**Records from a data source:**
▼

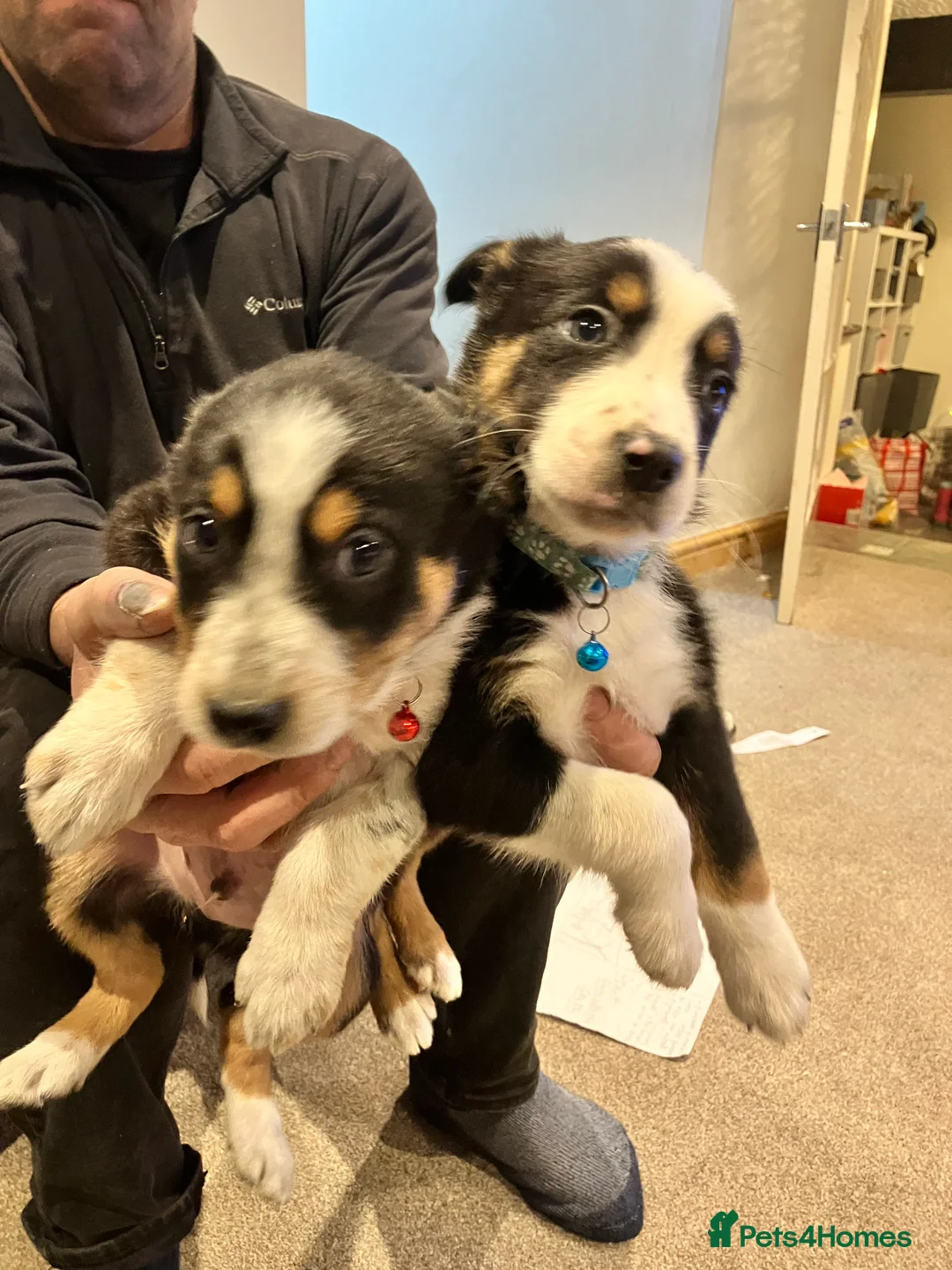 Border Collie dogs for sale: 2 male border collie pups  - Advert 4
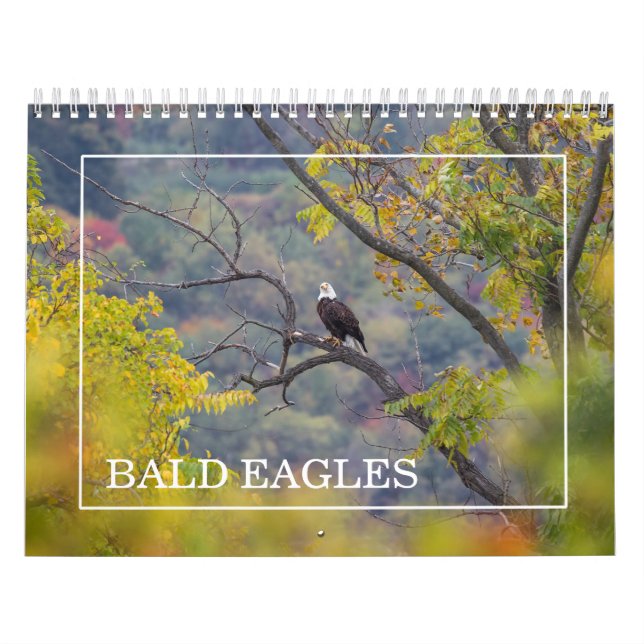 Bald Eagles Calendar (Cover)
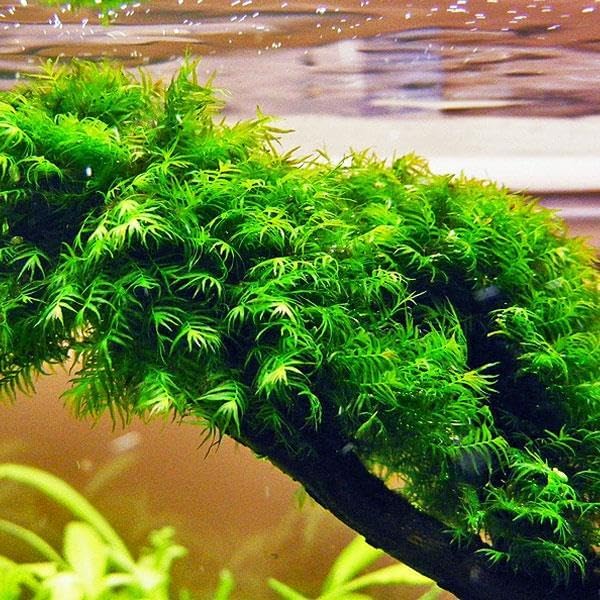 Alternative view of Fissidens Fountanus Tele Sarılı 5x5Cm Yeni Sarım Canlı Bitki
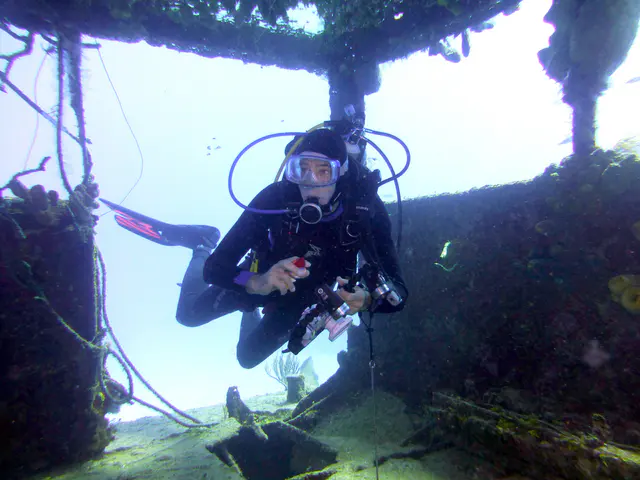 Underwater photograph by Joel Bergsma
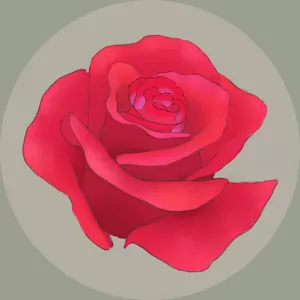 Rosas Garden - Great gardener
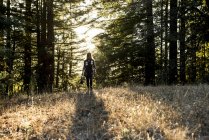 A woman walking across a field in a forest at dusk, Purisima Creek Redwoods, California, United States of America — Stock Photo
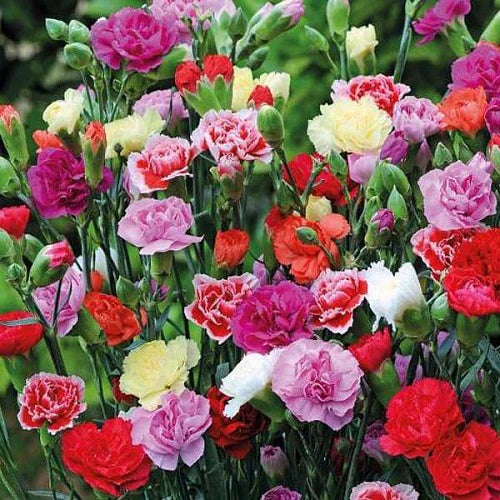 Carnation Seeds - Mix Colors (WINTER)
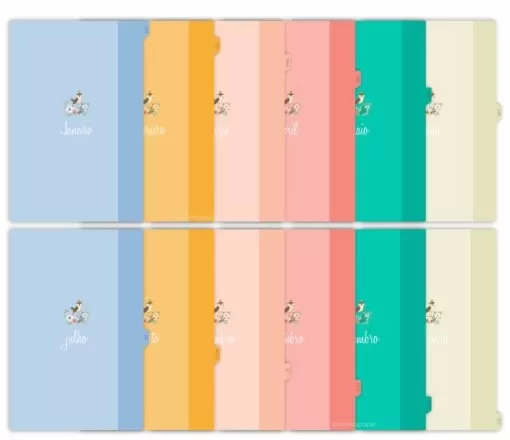 Planner Diretora+ Diretor Datado 2024 – Carina’s Paper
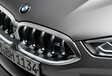 BMW serie 8 renouvelée - pas de calandre XXL #12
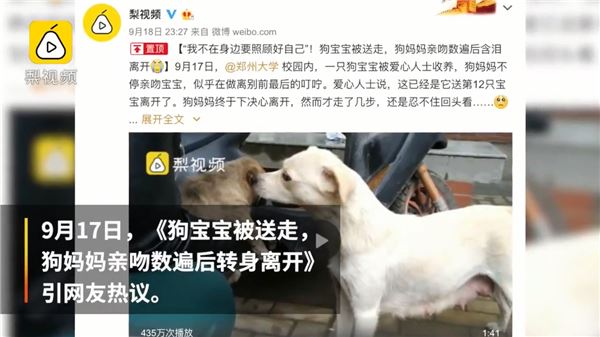母愛！整窩小奶狗差點被吃掉　狗媽媽挺身對抗眼鏡蛇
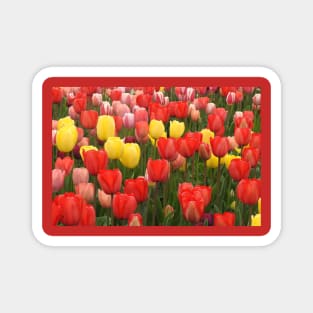 Nature, Natural Texture, Pattern, Flowers, Tulips Magnet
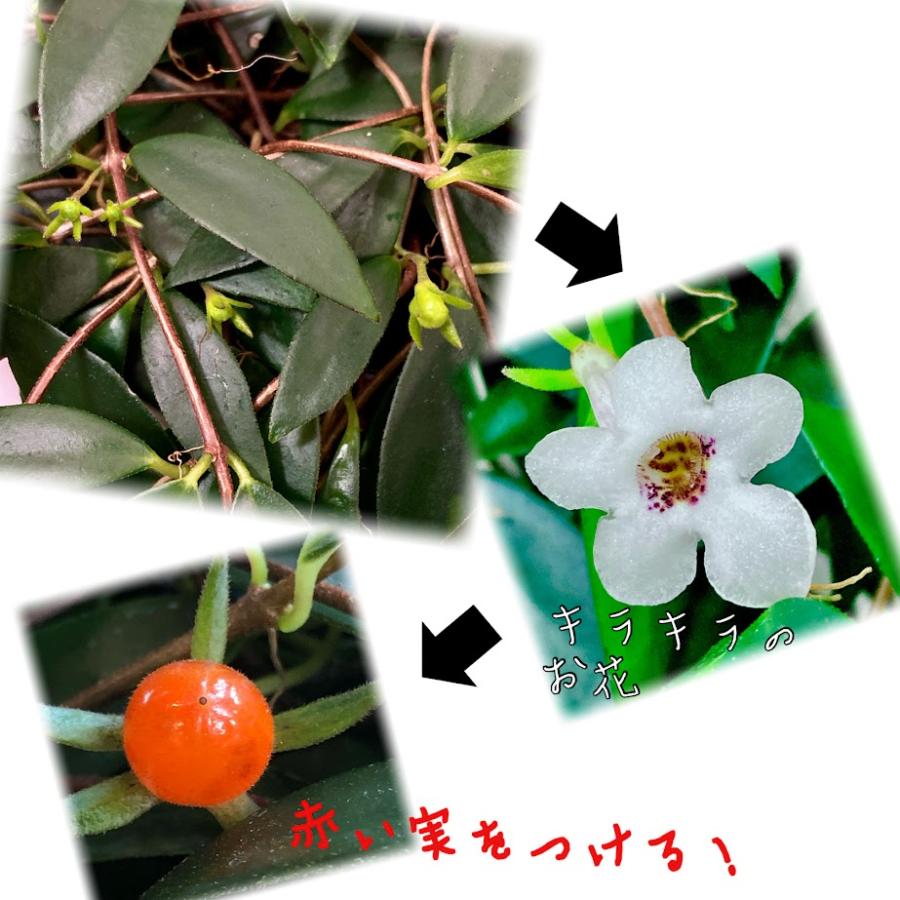 観葉植物 吊り下げ コドナンテ クラシフォリア 5号吊り鉢(底面給水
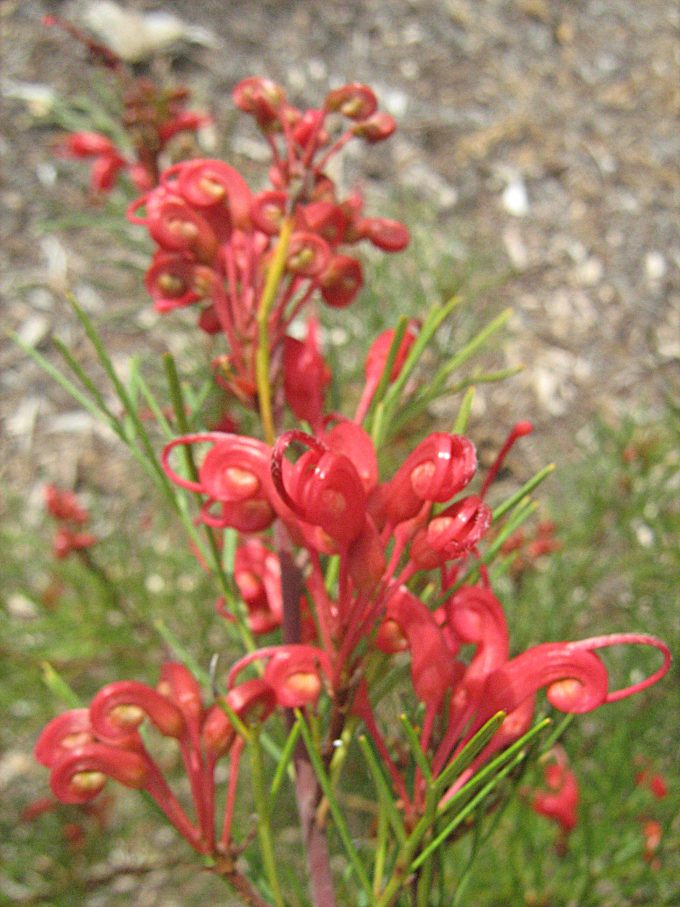 Grevillea Bon Accord Australian native plant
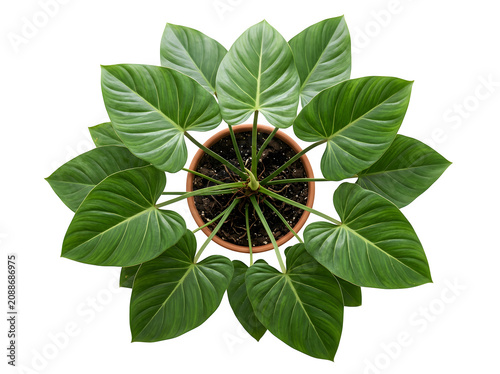 Top view of a philodendron plant in a terracotta pot isolated on transparent background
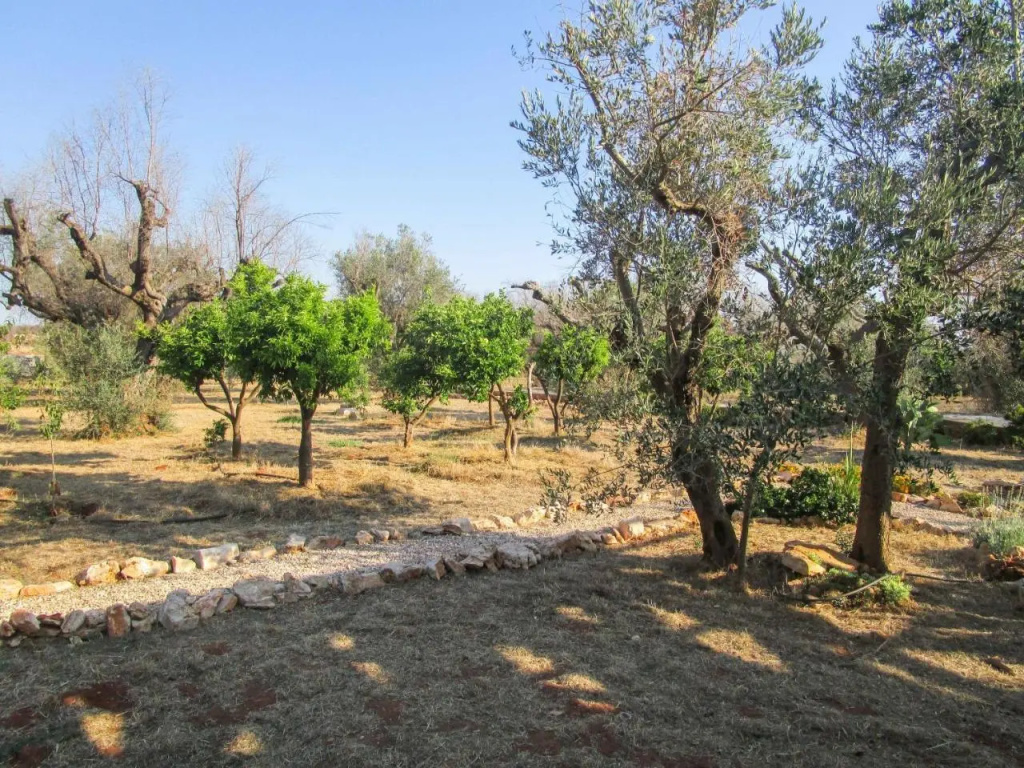 Il Campo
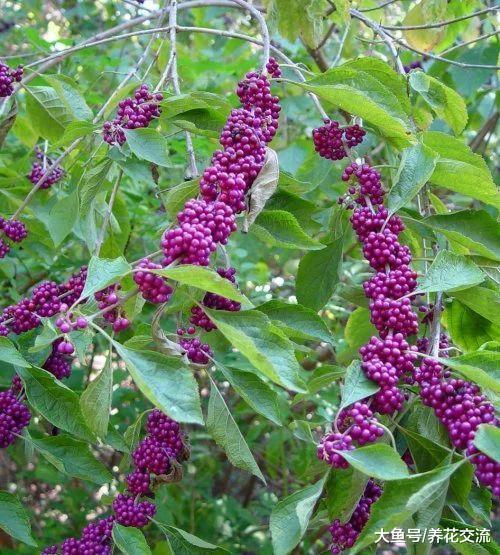 冬天能够开出灿烂紫色浆果的紫珠, 特别耐寒的观果植物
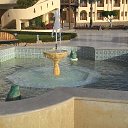 ���� Alex, ������, 65 ��� - ��������� 27 ������ 2016 � ������ �Egypt'16�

▲

**DIRECTIONS FOR THIS TASK:** What is needed here is an exact copy of all the entries, without the pictures.

**ANSWER:**
 Border Collie dogs for sale: 2 male border collie pups  - Advert 4
 Bald Eagles Calendar (Cover)
 Alternative view of Fissidens Fountanus Tele Sarılı 5x5Cm Yeni Sarım Canlı Bitki
 Underwater photograph by Joel Bergsma
 Rosas Garden - Great gardener
 A woman walking across a field in a forest at dusk, Purisima Creek Redwoods, California, United States of America — Stock Photo
 Carnation Seeds - Mix Colors (WINTER)
 Planner Diretora+ Diretor Datado 2024 – Carina’s Paper
 BMW serie 8 renouvelée - pas de calandre XXL #12
母愛！整窩小奶狗差點被吃掉　狗媽媽挺身對抗眼鏡蛇
 Nature, Natural Texture, Pattern, Flowers, Tulips Magnet
 観葉植物 吊り下げ コドナンテ クラシフォリア 5号吊り鉢(底面給水
 Grevillea Bon Accord Australian native plant
 Top view of a philodendron plant in a terracotta pot isolated on transparent background
 Il Campo
 冬天能够开出灿烂紫色浆果的紫珠, 特别耐寒的观果植物
 ���� Alex, ������, 65 ��� - ��������� 27 ������ 2016 � ������ �Egypt'16�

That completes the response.